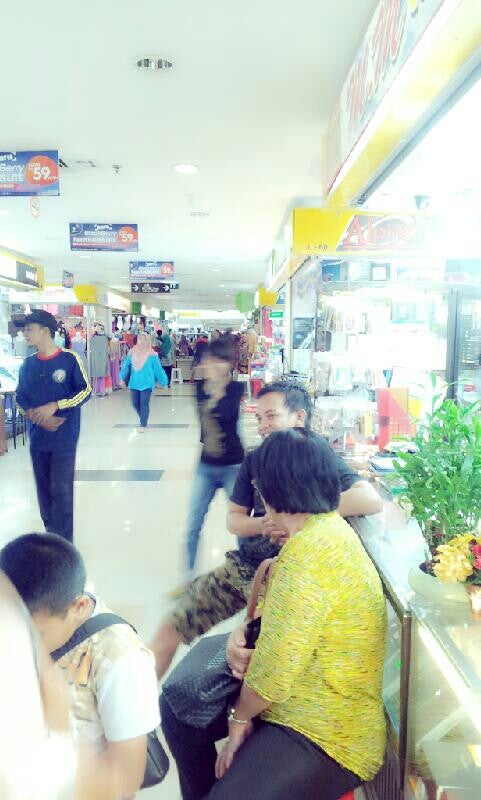 Pusat Grosir Karebosi Logo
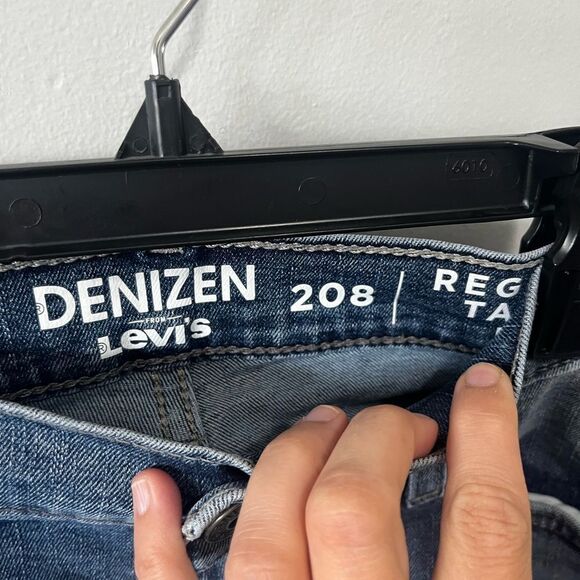 Denizen Levi’s 208 Regular Taper Fit Jeans 33 x32 - Picture 3 of 7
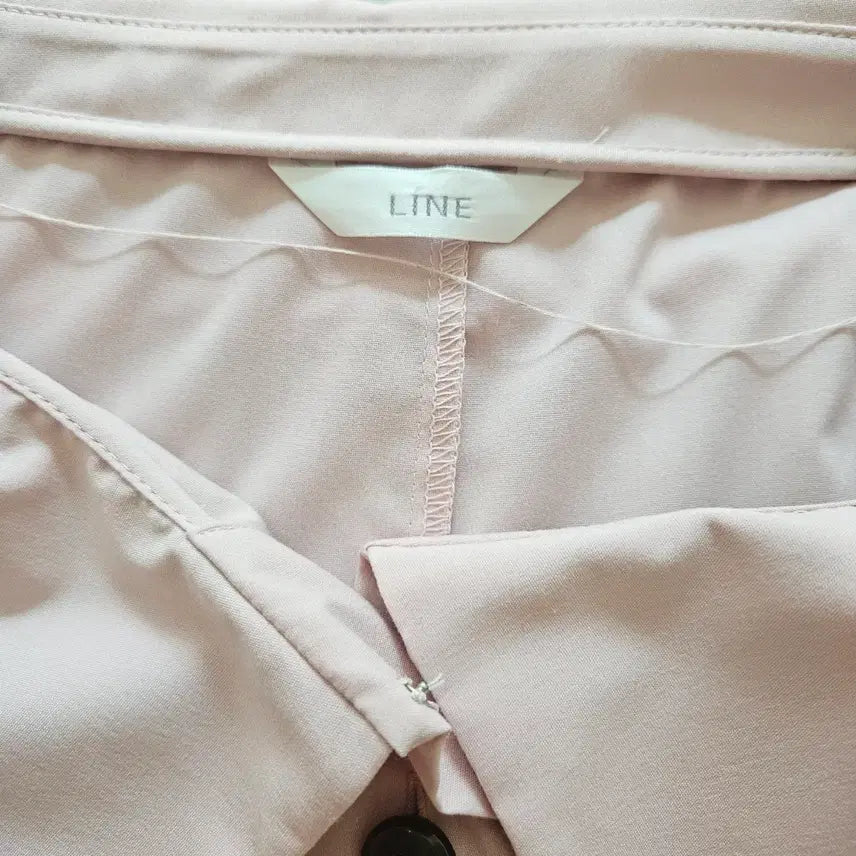 [SOLD OUT] LINE 브랜드 블라우스(새상품)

* **REQUIREMENT**
Keep every word of the material exactly as given. Drop the pictures.

* **WRITTEN ANSWER**
 Pusat Grosir Karebosi Logo
 Denizen Levi’s 208 Regular Taper Fit Jeans 33 x32 - Picture 3 of 7
 [SOLD OUT] LINE 브랜드 블라우스(새상품)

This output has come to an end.